On Monday night, the Excelsior Springs Board of Education granted tentative approval to a new alternative education program that would pair low adult/student ratios with specialized help in an effort to keep more local youngsters in the classroom.
According to Superintendent of Schools John Lacy, the program would be available to all levels and abilities, but would be designed for those who have had trouble in the classroom. Among these would be those who have been given short- and long-term out-of-school suspensions, as well as students with an individual education plan.
“We see a lot of benefit to this,” Lacy said. “This would be an alternative to removing students from school long-term, it will help on our MSIP 5 results and we could realize some savings because we could bring home some students that are currently contracted out for education assistance outside the district.”
The long-term suspensions put students particularly at risk, Lacy explained. While these suspensions are the results of disciplinary issues, the longer a student is out of school, the less likely it is that he or she will ever return. Offering an alternative education program would allow them to continue to work toward a diploma.

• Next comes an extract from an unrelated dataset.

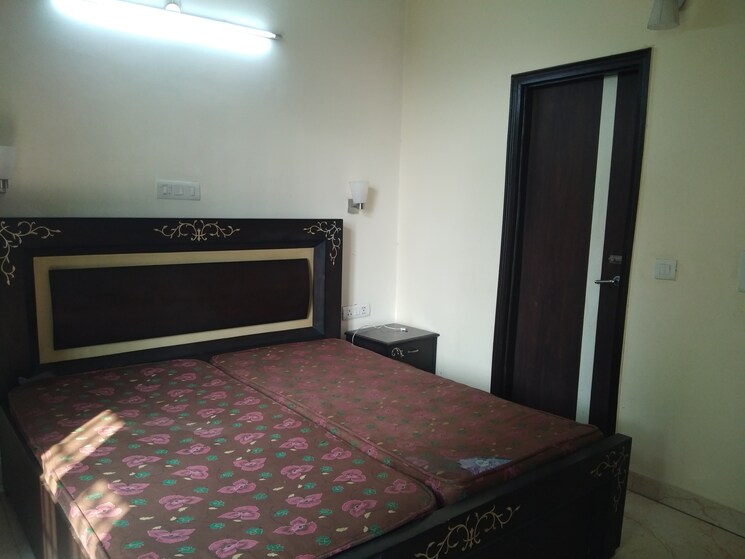 Bedroom, shivalik colony 2 Bedroom 2000 Sq.Ft. Builder Floor In Shivalik Colony Delhi 8782669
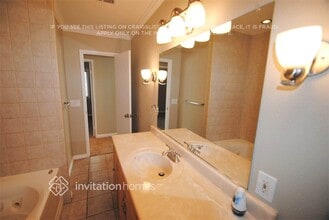 731 Las Lomas Dr in La Habra, CA - Building Photo - Building Photo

“We’ve talked about this before,” said board member Troy Snelling, “because we really are losing a lot of kids. Alternative education used to part of the program, and I think it’s a great idea to have alternative placement.”

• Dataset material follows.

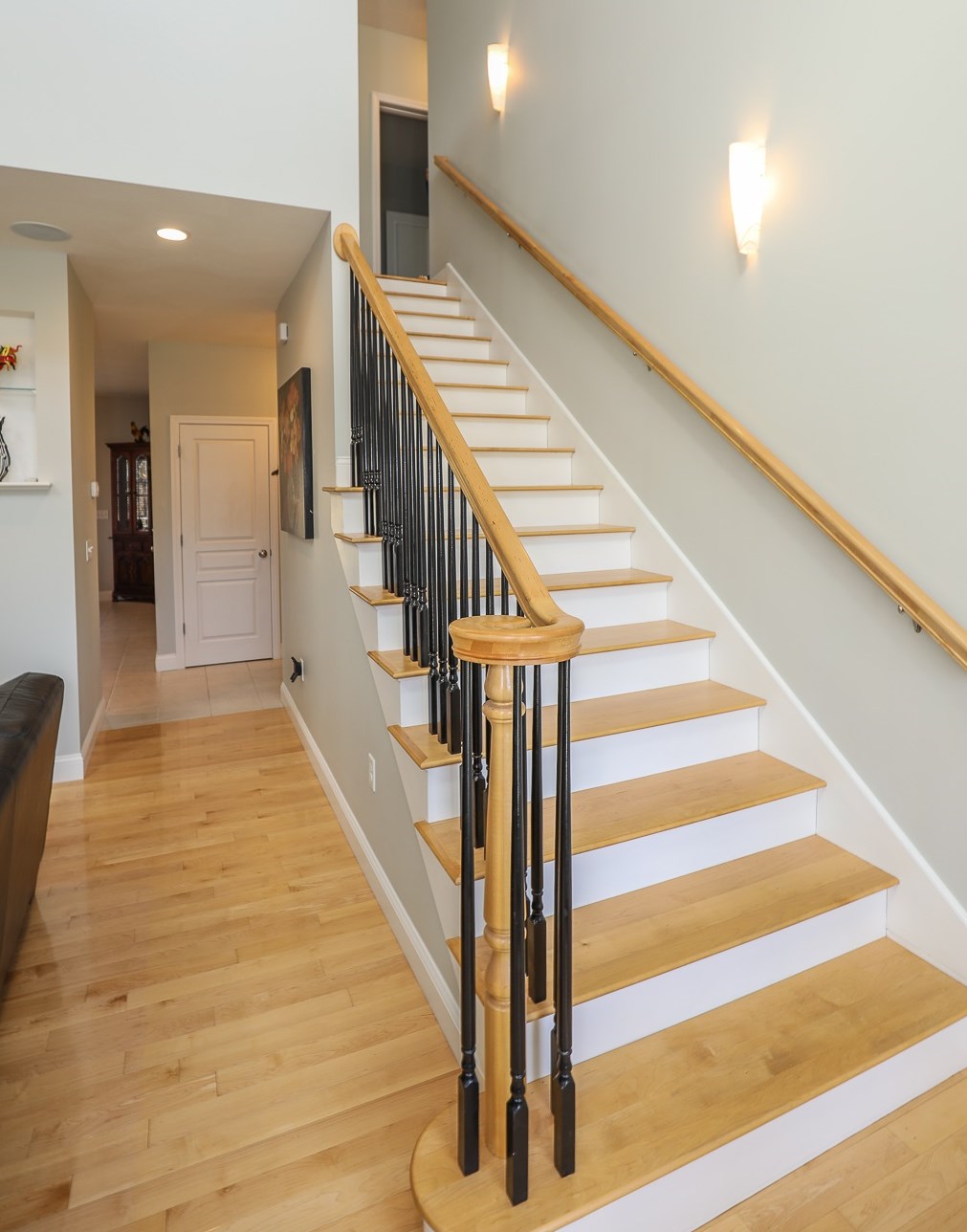 240 Karatzas Ave, Manchester NH 03104-6608 exterior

Lacy thanked him for the support, but gave much of the credit for the plan to Director of Student Services Erin Oligschlaeger.
Board member Terry Krier asked whether the plan would be open to students with in-school suspensions, as well, and wondered how behavioral problems would be addressed.

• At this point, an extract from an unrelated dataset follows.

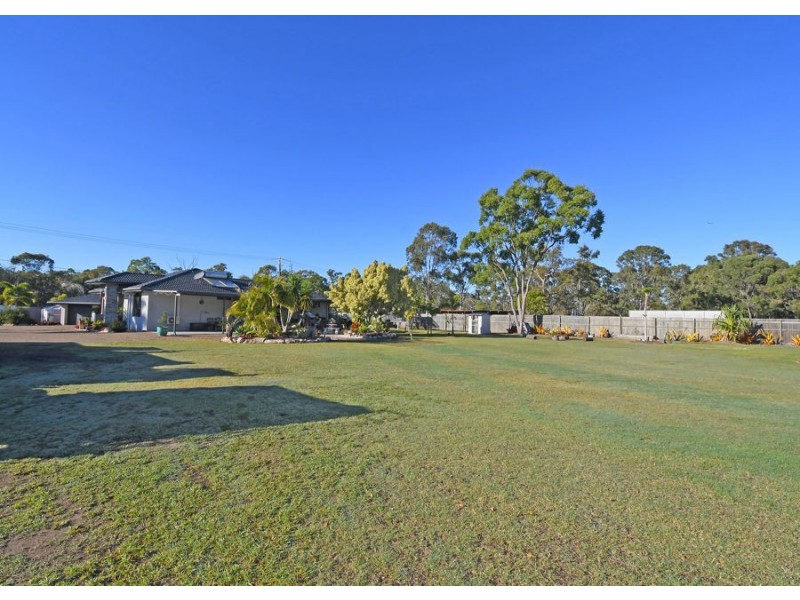 25 Walkers Road, Urangan QLD 4655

Lacy explained that ISS would remain in the individual school buildings, and even the OSS students would probably have a threshold of a certain number of days out of school before they could enter the alternative education program.
For special education students, however, Lacy said it would offer far more options for education and any behavioral problems because it would allow those students to work closely with adults to address their issues.
Disciplinary problems would be kept at a minimum, he added, because there would be only about four students for each adult. Additionally, if a student is more disruptive than can be handled by the low adult/student ratio, then that student would be removed from the program.
Initially, Lacy said, he expected the program to have up to 20 students and about four staff members—two teachers and two assistants. The initial budget would be approximately $170,000, but there would be reimbursement from the state to help recoup some costs.
Board member Steve Houck asked if Lacy had any locations in mind, and he said there were a few potential sites—but he was waiting to hear the board’s general thoughts before pursuing the matter any further. With the board’s unanimous support Monday night, Lacy said he would begin considering options for not just location, but staff and transportation as well.
Doing some rough calculations, Snelling estimated that the program could easily result in a cost savings for the district, rather than an expense.
The school district has roughly 2,900 out-of-school suspension days annually, spread out among the schools and students, Snelling said. If even 80 percent of them used the alternative education program, Snelling pointed out, then the school district would still receive most of the state funding for the OSS students.
“So we wouldn’t lose those funds,” Snelling said.
“And it wouldn’t be a lost kid, either,” Lacy added.
“It’s a win-win for everyone,” Snelling concluded.